I needed the Tarzan yell; I wanted the Tarzan yell; I did not get the Tarzan yell or anything even vaguely like it, although I suppose my yelling, Jesus Christ!, at the top of my lungs can be intimidating if you’re a mouse. It didn’t intimidate these mice, though. Mice scurried hither and thither, which is the first time in twenty years that I have actually used the phrase hither and thither in a sentence, across my bedroom floor. Counting mice, unlike counting sheep, will not put you to sleep; in fact, the reverse is true. Counting mice will raise your blood pressure to dangerously high levels and, according to the American Heart Association, which spent something on the order of five or six dollars on this study, constitutes a risk that cardiac patients should avoid at all times. I kicked one mouse into the corner of my closet, where he gave me a nasty look, as if to say that I could expect the imminent arrival of Mighty Mouse, followed by the eminently well-deserved kicking of my fat human ass. That mouse looked like he’d pay good money to see that happen.

Once I’d gotten this herd of mice corralled in my closet, where they happily ate an old pair of sneakers and then disappeared down the hole in the corner, laughing as they went, I decided that I’d done every the law allows and more in regards to these mice. I summarily sentenced all mice in my house to death for the heinous crime of being a mouse in my house and nonpayment of rent.

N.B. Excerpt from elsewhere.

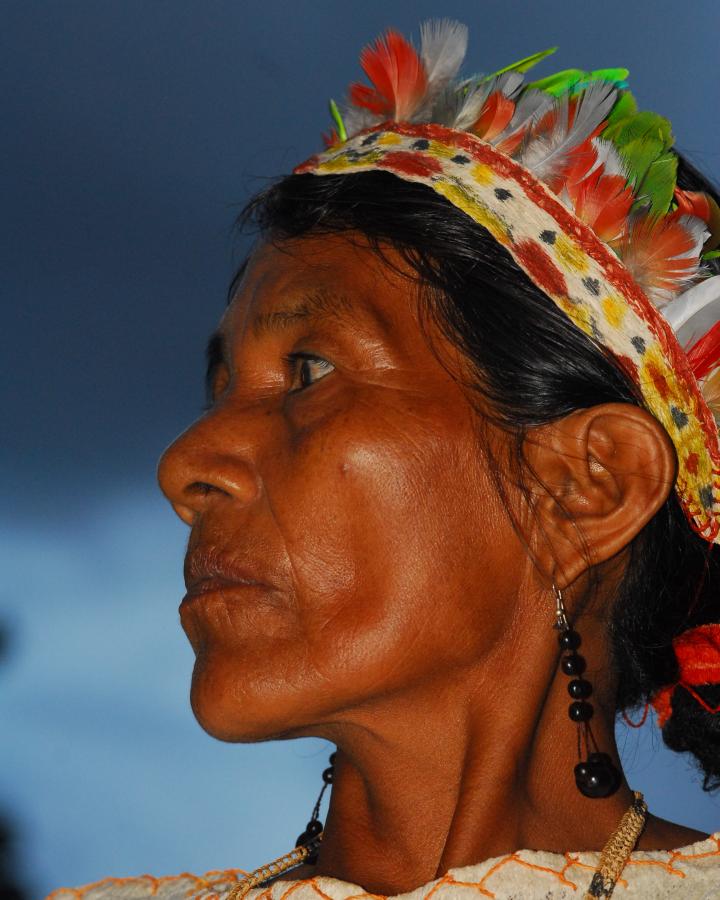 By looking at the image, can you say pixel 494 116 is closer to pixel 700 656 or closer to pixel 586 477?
pixel 586 477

Thus it was, with a heavy heart and a sad countenance, I set trap after trap in my closet for the high spirited young rodents, said traps being full of tasty grain liberally laced with some type of poison. I then lay in bed and waited for the inevitable.

I heard them a little later, ripping into the grain, gulping it down with the gusto of a kid turned loose in an unsuspecting candy store. I could hear the trays moving here and there as they fought each other for every grain of the tasty, poisoned bait. The sounds did not last very long; I heard them again this morning, but the sound was slower now, more tentative. I realized that the horror must have begun for them. The rest, as they say, is silence. I must fill in their hole later.